In the past few years, Americans have witnessed shootings at a movie in Colorado, a 3-year-old shooting and killing his father in Indiana and, most recently, nine people killed in a fight among biker gangs in Waco.

Amazingly, Americans seem to see these regular incidents as normal. It’s a powerful and sad testament to how anesthetized we have become to this ongoing violence. And despite all of this violence and loss of life, many in Texas and elsewhere want to increase gun ownership and allow people to openly carry firearms.

Since 9/11, Americans have been deeply concerned about threats to national security. Our tendency has been to define national security only in terms of external threats. A much better way is to see national security is in terms of the well-being of our population. If we think of it this way, the evidence is clear — a heavily armed population in the U.S. is not secure because our culture does not seem to lend itself well to allowing the proliferation of guns.

The premise is that there is some magic that will attach if we "strictly regulate" (or even prohibit) private ownership of firearms.

The facts say otherwise, in fact, they say the exact opposite.

The violent crime rate has fallen nearly in half from 1992 to 2011 according to the FBI and it has continued to fall; 2013, the last year for which full data is available, saw further declines.

The rate of murder and non-negligent manslaughter (that is, intentional killing of another human) dropped by a full half from 1994 to 2013.  The rate of******dropped from 39.3 to 25.2, or 36%.

Further, property crime also dropped dramatically; motor vehicle theft, as an example, is down by nearly two thirds and burglary rates are down some 40%.

This dramatic decrease in crime rates come during what has been a reversal of gun bans and restrictions that arguably reached its zenith with the Gun Control Act of 1968.

In other words, the professor is lying through his teeth and, I suspect, he knows it.

But let's look at this from a more-philosophical basis, shall we?

Exactly why would you elect or trust any government official who is worried about you being armed?

Think about this for a minute.  If you go "nuts" and start shooting people in any other than a legitimate self-defense situation your life as a free individual is over and there is a damn good chance, in fact majority odds, that you're simply going to be dead within minutes.

What this means, of course, is that if you choose to undertake such an act you are spending your life (in the very literal sense) for whatever you believe in at that moment.

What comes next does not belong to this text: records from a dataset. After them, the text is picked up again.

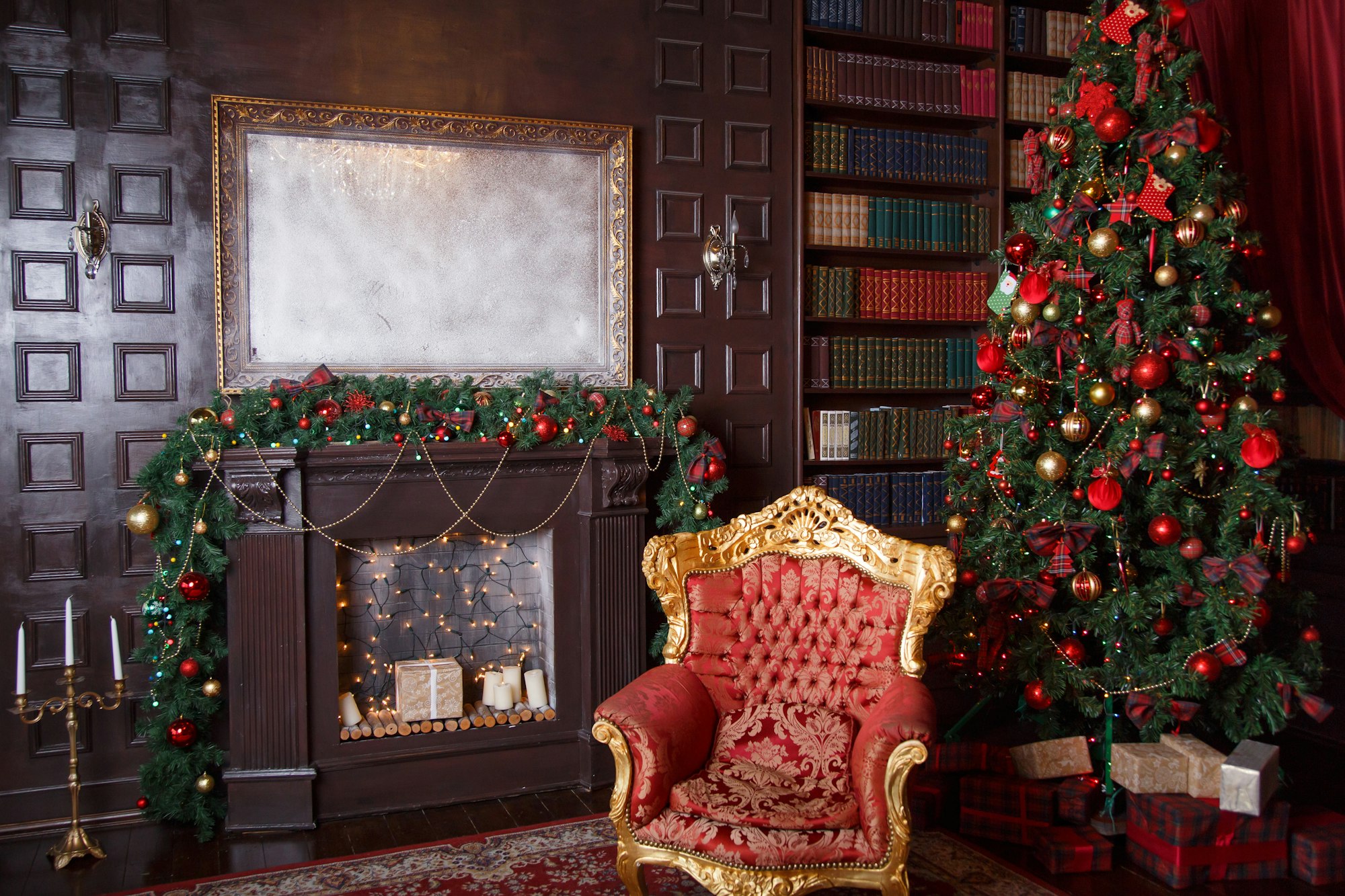 Christmas decor in royal living room with a vintage armchair, fireplace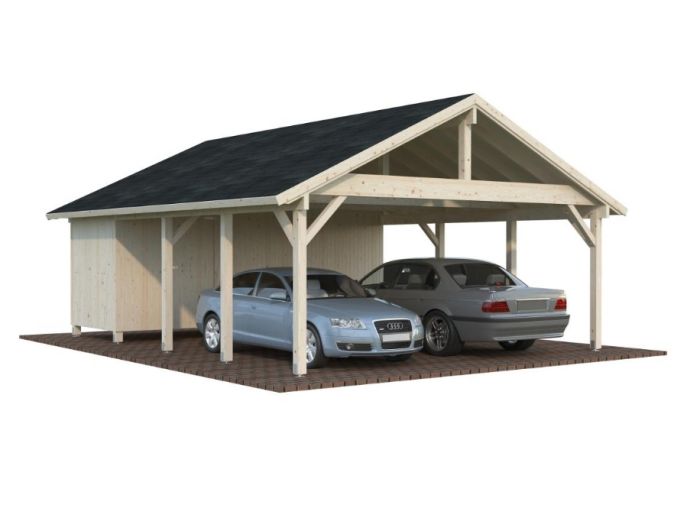 Carport Dobbel Robert 40,6kvm med bod - Sommerbutikken AS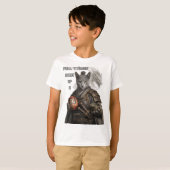 T-shirt Chat Samouraï Bleu Russe (Devant entier)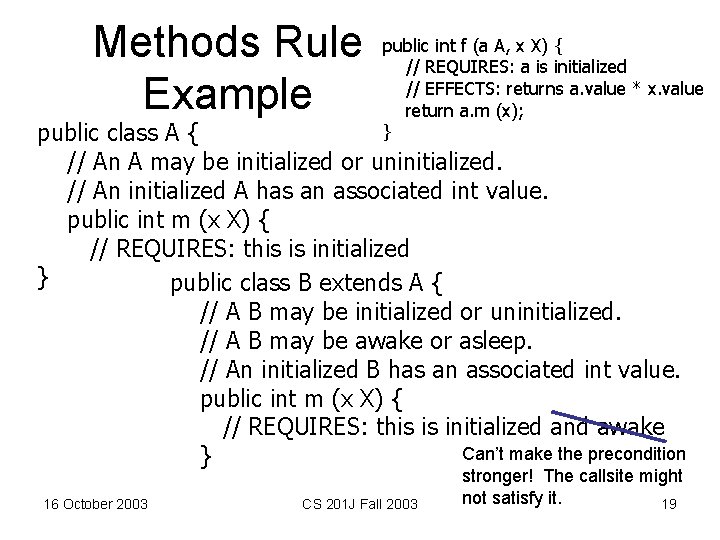 Methods Rule Example public int f (a A, x X) { // REQUIRES: a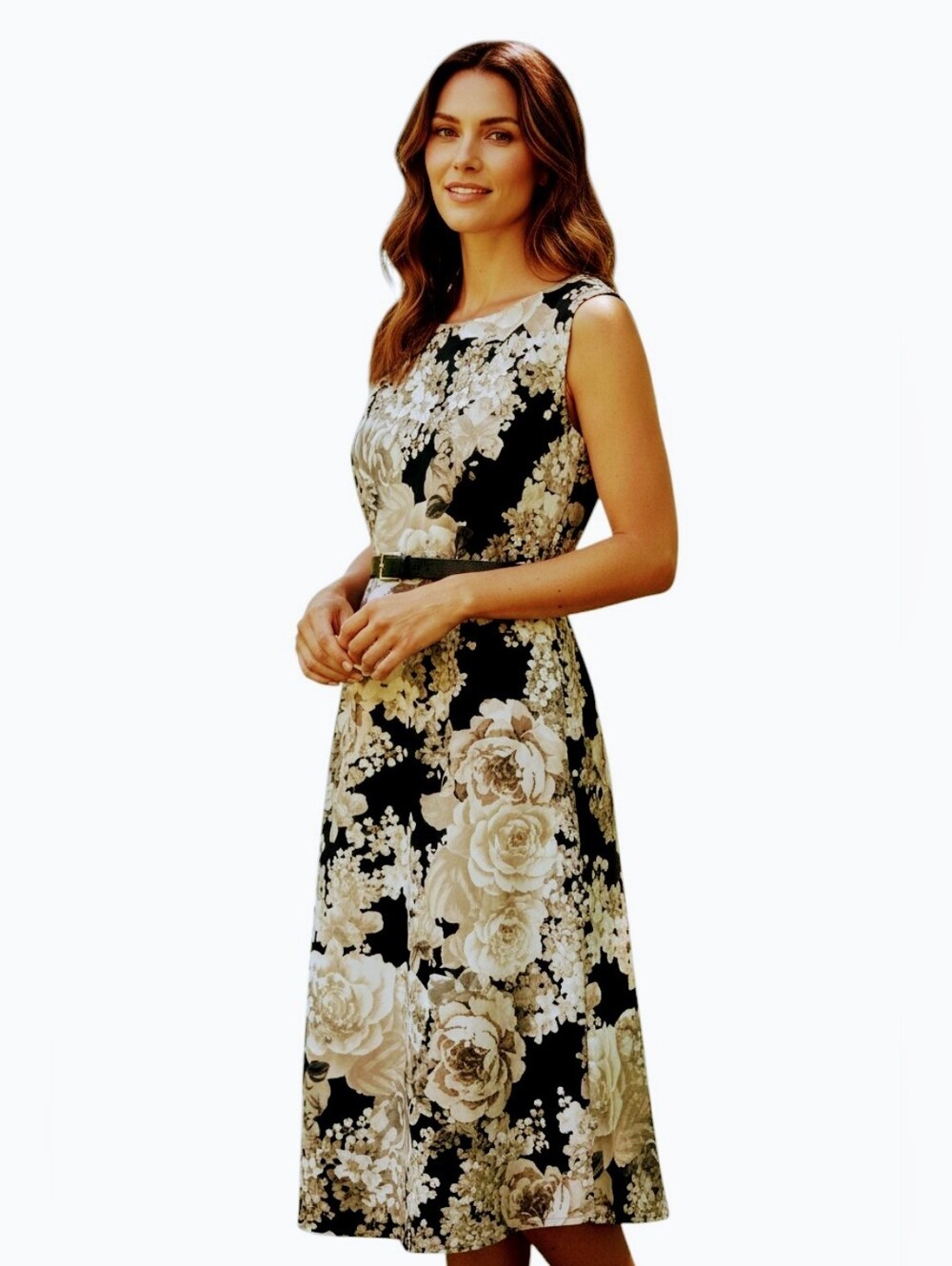 Connected Black and Cream Floral Dress Sleeveless. Sz. 16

The question to ask is this: Why would you want or permit any government official at any level to have any power over you who does not labor under the certain knowledge that should they do something sufficiently heinous you may elect to spend your life in an attempt to either stop or redress that act?

Further, why shouldn't a professor also understand and agree with this, or for that matter, anyone with a great degree of power over others, including major corporate executives?

It's obvious, isn't it?  All of these people want to have power over you as an ordinary citizen and they're quite-aware that should you have the ability to redress grievous injury on your own, fully aware that doing so is your last act as a sane free man or woman, that is the most-powerful deterrent available against said heinous acts.

In fact it is the only deterrent against such heinous acts that nobody can corrupt.

Witness today's world where big bank executives and traders rip off tens or even hundreds of billions of dollars and nobody goes to prison for doing it.  Or where you're forced to participate in monopoly practices by "laws" that intentionally impoverish you.  Or where your purchasing power is intentionally destroyed by deficit spending with a wink and a nod exactly as if you had a quarter of all your wealth stolen from you in just a few short years.  Your state legislators have bills written for them by lobbyists who actually vote on them and, when journalists catch them at it they are escorted out at gunpoint by armed guards -- who are in fact off-duty cops!  Or, for that matter, where you're told you can't grow your own wheat on your own land for your own family because it "might" impact interstate commerce as you wouldn't need to buy bread.  Or, if you prefer, cops throwing a grenade into a crib and then claiming in a court of law that the baby was at fault for the resulting injuries because it "didn't move" and was present there despite the fact that the person they were seeking was not in the house!

What harnesses such acts and deters them?  Not "law", as the alleged law is simply ignored when it suits certain people with power in both the political and corporate spheres of influence. If you've learned nothing since 2007 you certainly should have learned that when it comes to rich and powerful people, including but not limited to politicians, banksters, other corporate entities and even cops, they appear to rob with impunity and, it appears, in some cases they even rape, maim and murder with impunity too.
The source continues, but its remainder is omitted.